Leaving Everything Most Loved by Jacqueline Winspear is my 10th Maisie Dobbs novel. I'm most definitely a fan. Each novel features an intriguing, knotty mystery with most of the violence happening either before the story begins or outside our view. My kind of mystery... spare me the gory details. Maisie Dobbs is both cerebral and psychological in her approach to solving a case, and she is always haunted by her own demons while she pursues justice for others.
Leaving Everything provides Winspear's typical satisfying story, combining a social problem (in this case the treatment of Indians in London) with the killer's very personal motives. But reading it, I experienced a stronger than usual sense of melancholy and dread about Maisie's future and the future of her friends and colleagues. I felt like I was supposed to be on Maisie's side and share her desire for adventure and self-discovery, but I kept thinking "Poor James!"
[Spoiler alert coming up for Elizabeth George readers] Midway through her wonderful series of mysteries, Elizabeth George chose to kill off her detective's beloved and pregnant wife, Lady Helen. Readers were livid. George spent time explaining herself on social media and even wrote another entire book about it (What Came Before He Shot Her). In the end, I think most readers forgave her. As George explained, it was something she had to do for her series to continue. Writing her detective as a happily married man with a baby simply didn't work. It lacked the level of angst and drama that she needed.

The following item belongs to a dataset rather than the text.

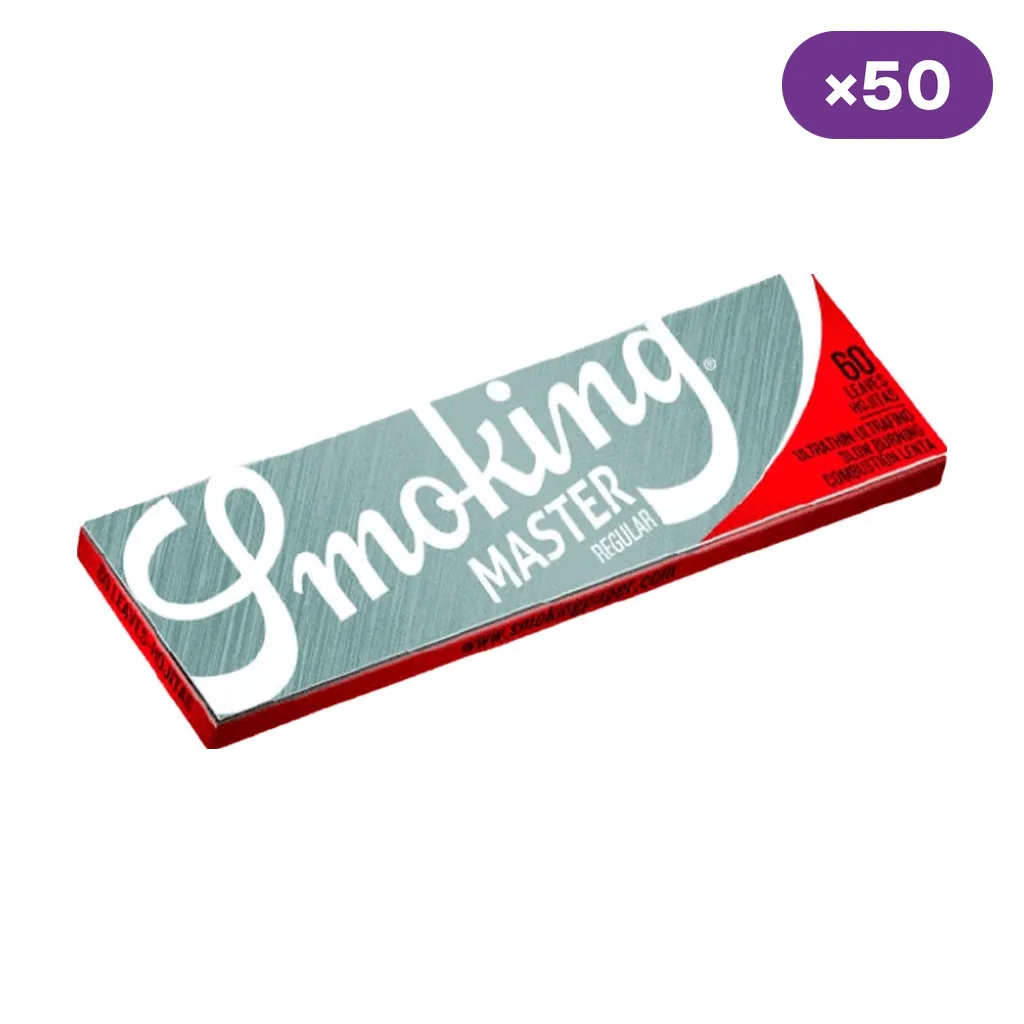 Librillo Smoking Master Regular en diagonal, con cubierta verde grisácea y extremos rojos, junto al distintivo de 50 unidades.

And my point in recounting George's journey is because I think that Winspear has arrived at the same juncture. (Meaning she arrived there in 2013, when this book was published. And if you've read all her novels and know the answer, don't tell me!) I don't think she can see her way forward if Maisie becomes happily married to James, plus she needs to change up the cast of characters, replacing Billy and Sandra with new people. She's not exactly bored and out of new ideas, but she's definitely looking for a major change of scenery. When I read the next novel, I'll report back. I remain a serious Maisie Dobbs fan and don't expect to be disappointed with her next adventure.